Thank you in advance.

detailed configuration :
---------------
Processor : 2 x 2.8Ghz Pentium Xeon
Motherboard : Intel se7501cw2
Memory : 4 x 512MB DDR 266 ECC registered
Kernel : 2.4.20-31 (Redhat 7.3 with updates)


PLEASE CC the answers/comments

--
Thomas OULEVEY System Engineer
Elonex Switzerland Email: [email protected]
Switzerland


2004-11-07 20:29:02

by Marcelo Tosatti

[permalink] [raw]
Subject: Re: 2.4 lockup issue (flush_tlb_all)
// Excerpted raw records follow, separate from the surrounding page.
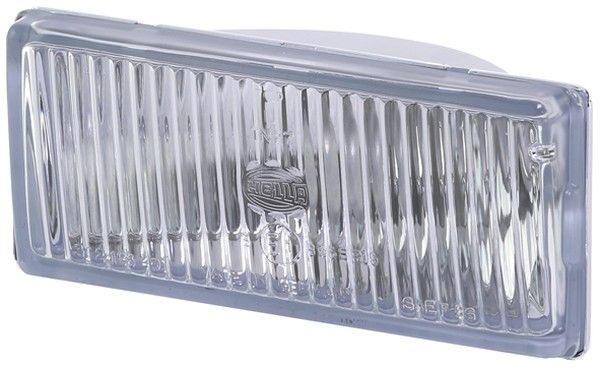 Insert, front fog light BMW 3 (E30), 5 (E28), 7 (E23)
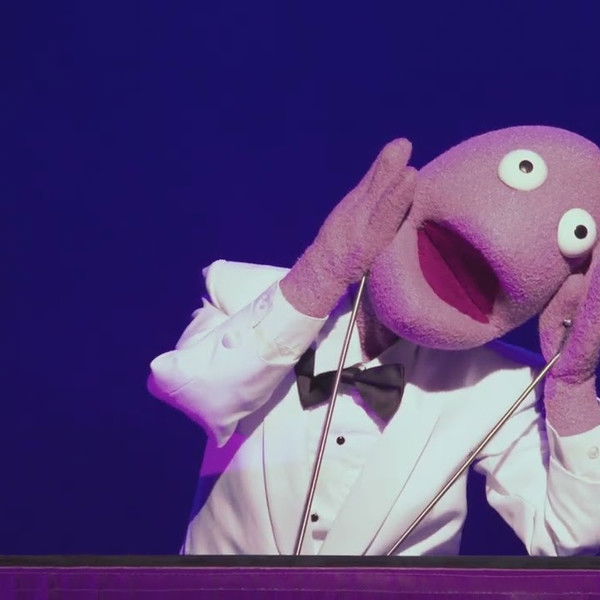 Randy Feltface: Purple Privilege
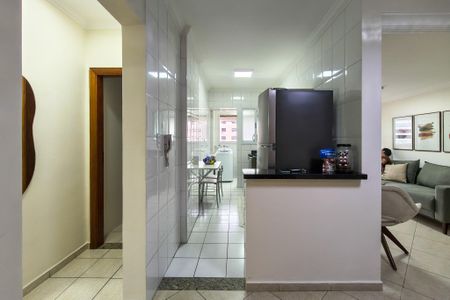 Apartamento para alugar com 67m², 1 quarto e 1 vaga Apartamento para alugar com 67m², 1 quarto e 1 vagaCozinha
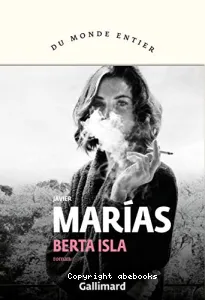 Berta Isla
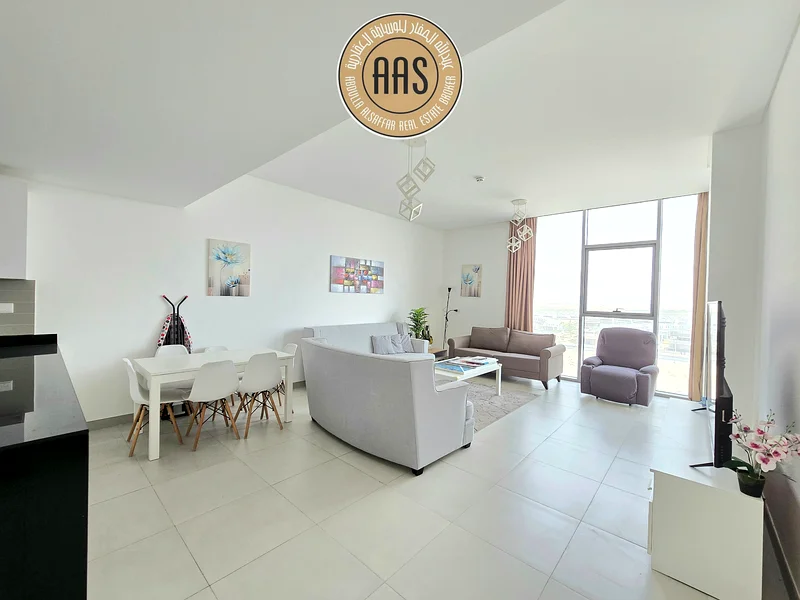 Fully Furnished ! Spacious Apartment ! With All Aminities ! Ready to Move63751682519683111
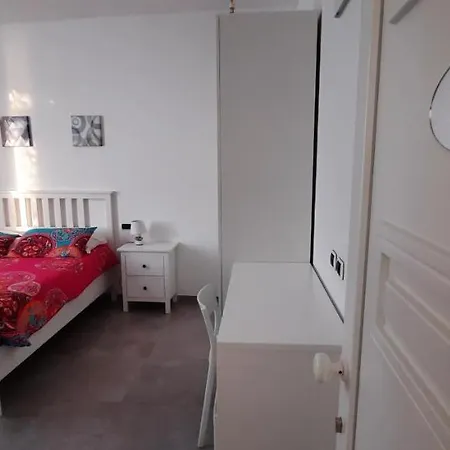 Pensión Olimpo Manarola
On Wed, Nov 03, 2004 at 12:36:47PM +0100, Thomas Oulevey wrote:
> Hello,
>
> We are experiencing some lockup problems with our SMP configuration.
> Here are the details :
> - The computers lockup with no relevant logs.
> - The kernel still replies to ping but higher level services are not
> responding.
> - After few hours (5-8), the kernel answers again and the load is around
> 40 then decreasing.
>
> We manage to get some SysRq showPc output (screenshot :
> http://www.elonex.ch/shot/)
> According to the basic sysreq debugging, the problem seems to be related
> to the function flush_tlb_all, and it is triggered with a write or read
> (local or on nfs sometimes).
>
> I looked at the LKML, and didn't find any known issues.
> Maybe it has been corrected but not backported by redhat !
> I'll appreciate any help.
>
> Thank you in advance.
>
> detailed configuration :
> ---------------
> Processor : 2 x 2.8Ghz Pentium Xeon
> Motherboard : Intel se7501cw2
> Memory : 4 x 512MB DDR 266 ECC registered
> Kernel : 2.4.20-31 (Redhat 7.3 with updates)

You should report this one to the RH people, but I think RH 7.3
isnt support anymore?

Upgrading the kernel is a good idea.